Раздавшийся мгновение спустя хриплый смех смыл с их лиц почти одинаковые маски изумления, и миру явились разочарование, облегчение, недовольство. Лишь Анна Козарь сохраняла невозмутимость.
– Соври что-нибудь получше, Гнусин. Ох, прости, Мусин! – Шишига осклабилась и вдруг подмигнула ему, словно они вдвоем затеяли хорошую шутку. – Совсем памяти не стало!

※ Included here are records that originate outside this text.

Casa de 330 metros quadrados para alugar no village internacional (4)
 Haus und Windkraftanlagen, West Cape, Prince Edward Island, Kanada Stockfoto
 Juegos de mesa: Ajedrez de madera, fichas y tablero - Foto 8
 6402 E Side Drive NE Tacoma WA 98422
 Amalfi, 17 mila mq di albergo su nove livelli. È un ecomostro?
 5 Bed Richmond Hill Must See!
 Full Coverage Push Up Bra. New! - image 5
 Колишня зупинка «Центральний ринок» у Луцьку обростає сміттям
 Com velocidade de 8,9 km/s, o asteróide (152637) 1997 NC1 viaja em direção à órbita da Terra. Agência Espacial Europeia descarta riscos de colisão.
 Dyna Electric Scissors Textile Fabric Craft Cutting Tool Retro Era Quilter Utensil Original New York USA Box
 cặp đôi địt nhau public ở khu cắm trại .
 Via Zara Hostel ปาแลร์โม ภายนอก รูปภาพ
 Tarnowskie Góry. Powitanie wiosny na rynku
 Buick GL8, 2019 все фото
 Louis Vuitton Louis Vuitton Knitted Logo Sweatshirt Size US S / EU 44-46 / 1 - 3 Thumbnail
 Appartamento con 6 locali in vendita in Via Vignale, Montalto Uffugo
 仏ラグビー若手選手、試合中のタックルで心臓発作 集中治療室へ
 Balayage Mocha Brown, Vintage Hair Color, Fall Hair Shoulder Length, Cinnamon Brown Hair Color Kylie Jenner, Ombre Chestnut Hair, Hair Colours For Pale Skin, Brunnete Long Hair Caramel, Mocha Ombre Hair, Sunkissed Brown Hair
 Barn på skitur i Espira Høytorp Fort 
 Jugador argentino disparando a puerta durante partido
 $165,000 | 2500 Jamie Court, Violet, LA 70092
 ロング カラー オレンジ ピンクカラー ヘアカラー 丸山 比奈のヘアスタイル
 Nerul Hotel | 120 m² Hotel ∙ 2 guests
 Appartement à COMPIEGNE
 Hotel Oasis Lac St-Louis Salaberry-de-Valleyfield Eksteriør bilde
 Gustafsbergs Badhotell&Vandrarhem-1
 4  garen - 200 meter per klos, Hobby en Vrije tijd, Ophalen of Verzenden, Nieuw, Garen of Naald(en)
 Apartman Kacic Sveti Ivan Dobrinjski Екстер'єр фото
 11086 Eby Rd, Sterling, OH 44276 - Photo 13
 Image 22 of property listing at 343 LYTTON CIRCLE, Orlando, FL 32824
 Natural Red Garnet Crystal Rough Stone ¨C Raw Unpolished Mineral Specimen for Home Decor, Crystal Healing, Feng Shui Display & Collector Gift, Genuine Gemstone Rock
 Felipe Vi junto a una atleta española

Значит, лет до ста проживу.
Глядя вслед удаляющейся старухе, Никита думал об одном: она должна сдохнуть в ближайшее время.
Глава 3
1
– …маятник всегда качается обратно, – громко говорил Илюшин, перекрикивая шум машин с Пресненской набережной. – Вспомни популярность Карнеги. «Завоюй, окажи влияние»! А сегодня модно быть социопатом. Ненавидеть общество, максимально дистанцироваться от него, устало говорить «эти люди», имея в виду человечество в целом, и усиленно предаваться мизантропии в своем сетевом дневнике, заведенном, впрочем, с той целью, чтобы его прочло как можно больше народу. Мизантропия без зрителей – яма, с публикой – пьедестал. В медийном, извини за выражение, пространстве, которое, кажется, исчерпало за столько лет своих героев, наконец-то нашелся новый.